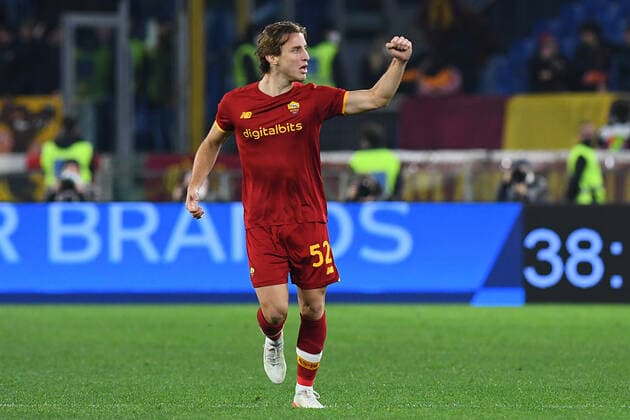 Italy: Serie A Match, Stadio Olimpico, As Roma v Verona Edoardo Bove of AS Roma celebrating after score the goal during football Serie A Match, Stadio Olimpico, As Roma v Verona ,19th February 2022 Imago-Images Emmefoto Copyright: xImago-Images Emmefotox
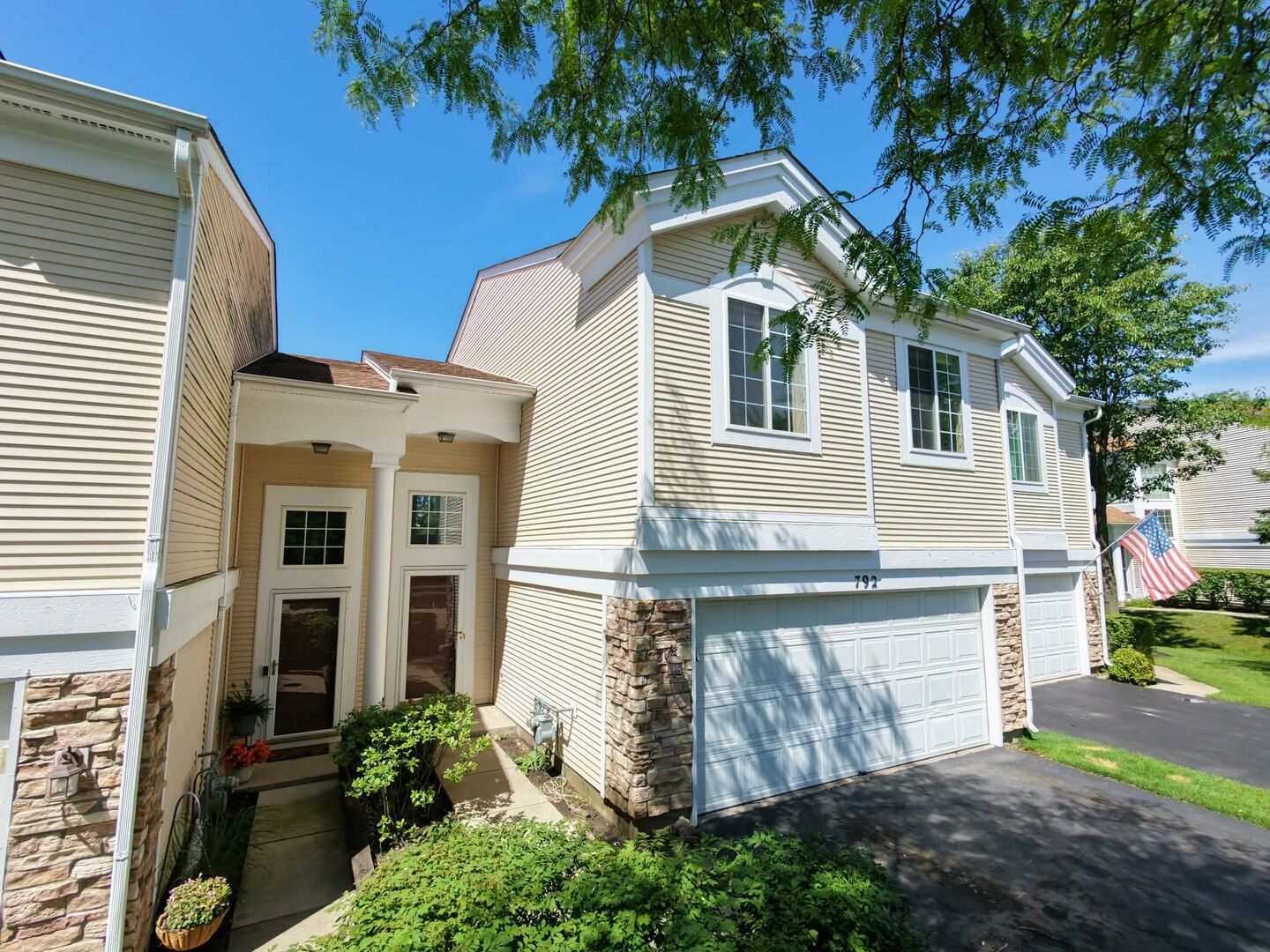 Property Photo: 792 Mesa Drive 792 IL 60123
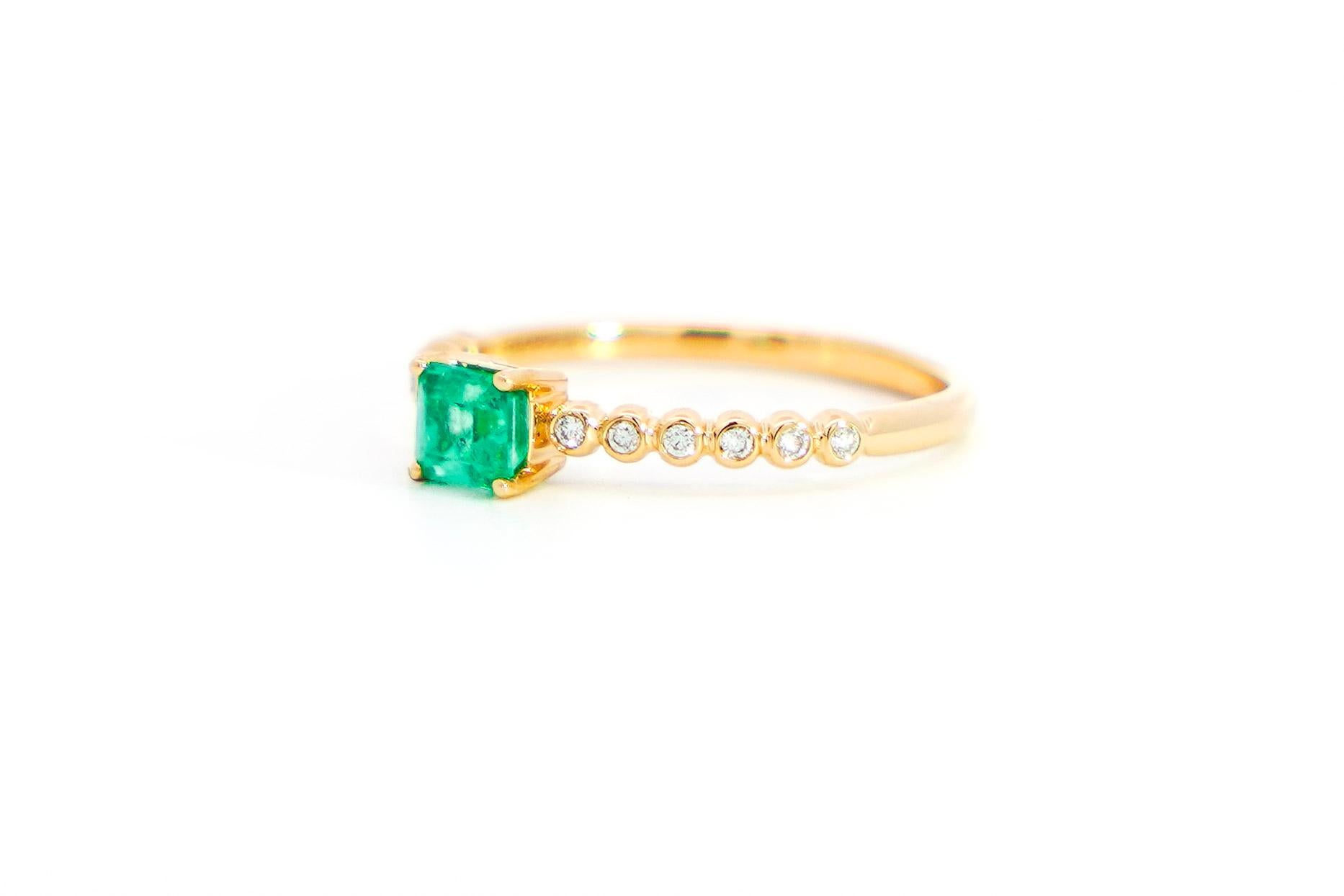 Modern 18K Yellow Gold Natural Emerald & Diamond Ribbed Stacking Thin Band Ring For Sale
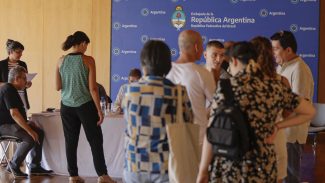 Argentinos residentes no Brasil vão à embaixada para eleger presidente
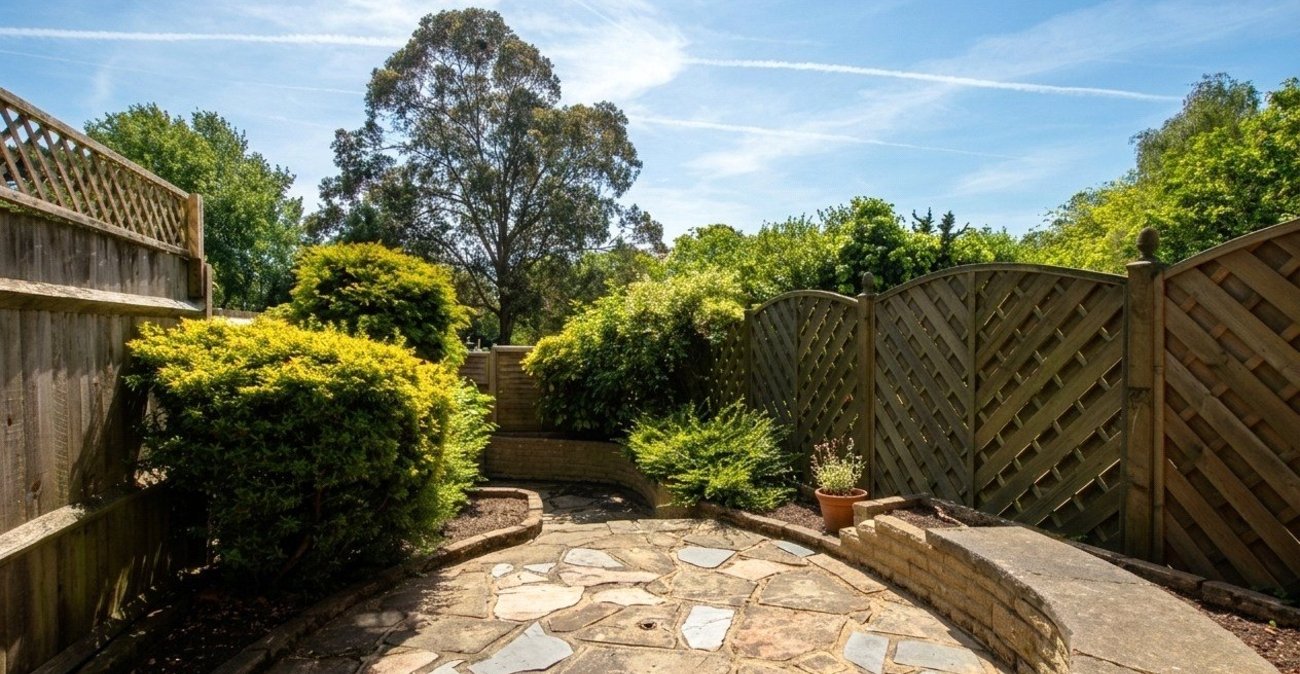 3 bedroom house for sale in Shooters Hill | Robinson Jackson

::::

_Exercise instructions_:
Copy out the records above in full, exactly as written, but not the pictures.

_Result for this task_:
 Italy: Serie A Match, Stadio Olimpico, As Roma v Verona Edoardo Bove of AS Roma celebrating after score the goal during football Serie A Match, Stadio Olimpico, As Roma v Verona ,19th February 2022 Imago-Images Emmefoto Copyright: xImago-Images Emmefotox
 Property Photo: 792 Mesa Drive 792 IL 60123
 Modern 18K Yellow Gold Natural Emerald & Diamond Ribbed Stacking Thin Band Ring For Sale
 Argentinos residentes no Brasil vão à embaixada para eleger presidente
 3 bedroom house for sale in Shooters Hill | Robinson Jackson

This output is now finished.